Furthermore, the absurd KQQQ v KB might be necessary to correctly generate results for KQPP v KQBP or some dramatic pawn race endgame. If you don't check all the possible final positions (even absurd ones), you can never be sure that you didn't miss the only winning/drawing line.

The only possible "optimisation" of this sort you can do is to not generate, say K+6 v K endgames (which I think was the case for the 7-men tables, they skipped K+5 v K until everything else was done.)

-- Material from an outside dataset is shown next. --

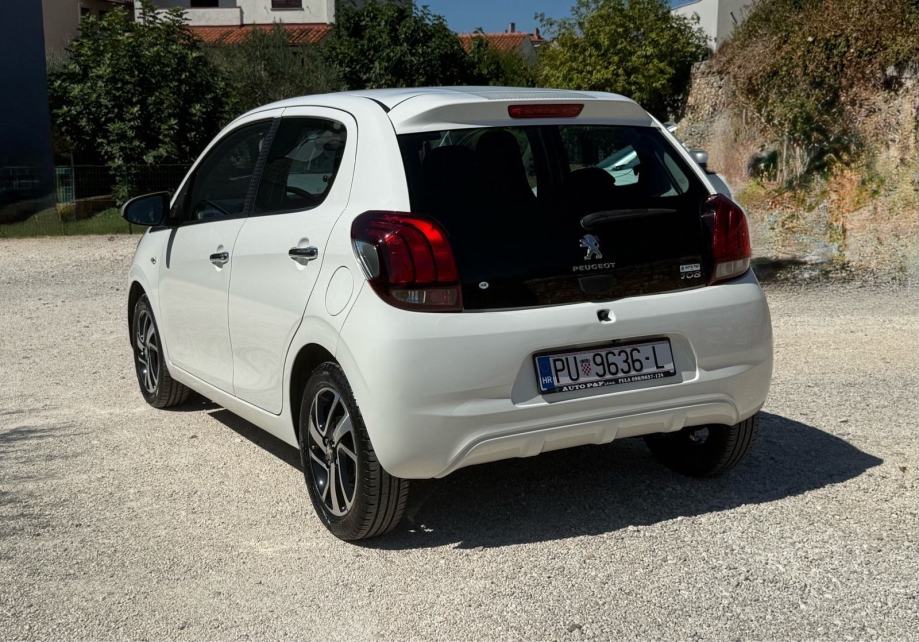 PEUGEOT 108 1.0 Allure *reg. godinu dana/5 vrata/sva oprema*, fotografija 7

• I believe KQQ vs KB is either an immediate stalemate (maybe there is a sequence allowing 2 moves but I doubt there is anything longer) or an easy win. But well, those are also trivial to analyze. I guess 500+ move thingies are the ones guzzling time due to tons of possibilities from both sides. Jan 21, 2020 at 13:21
• Ah, but KQQ v KQB with black sacrificing the queen for a stalemate? It's still necessary to work out KQQ v KB -- positions with more material depend on it. Jan 21, 2020 at 13:23

The answers given already should convince you it is not easy to concentrate on "practical". The case is not completely hopeless, though: if two of the pieces are pawns on the same line, chance is good that - while surely they can eat a piece - most optimal lines keep them there, greatly reducing the amount of computation. FINALGEN tablebase generator - A practical peek

• The issue with Finalgen apart from being notoriously slow is of course that for every endgame that you decide to keep it does take a lot of memory. I have in the past wondered whether someone could add some good compression to it. That being said, it can be quite powerful in some narrow circumstances, it once showed me some win in 100 or so in a queen endgame with quite a few pawns, which had been hopeless for the SF at the time. I suspect as engines get stronger there will be fewer and fewer positions where it can help though. Dec 5, 2021 at 18:22

It is difficult to define the exact boundary of practical vs. impractical. However, you can define this for yourself.

See this project

You can decide what you want to generate like:

rtbgen KQRvKR

However, as Remellion mentioned, there is a dependency between the different tables. For KQRvKR to function you will also need KQvKR, KRvKR and others so you would have to manage that yourself. I used this to create a pawn only table base since I didn't want to keep a full 6 or 7 piece tablebase.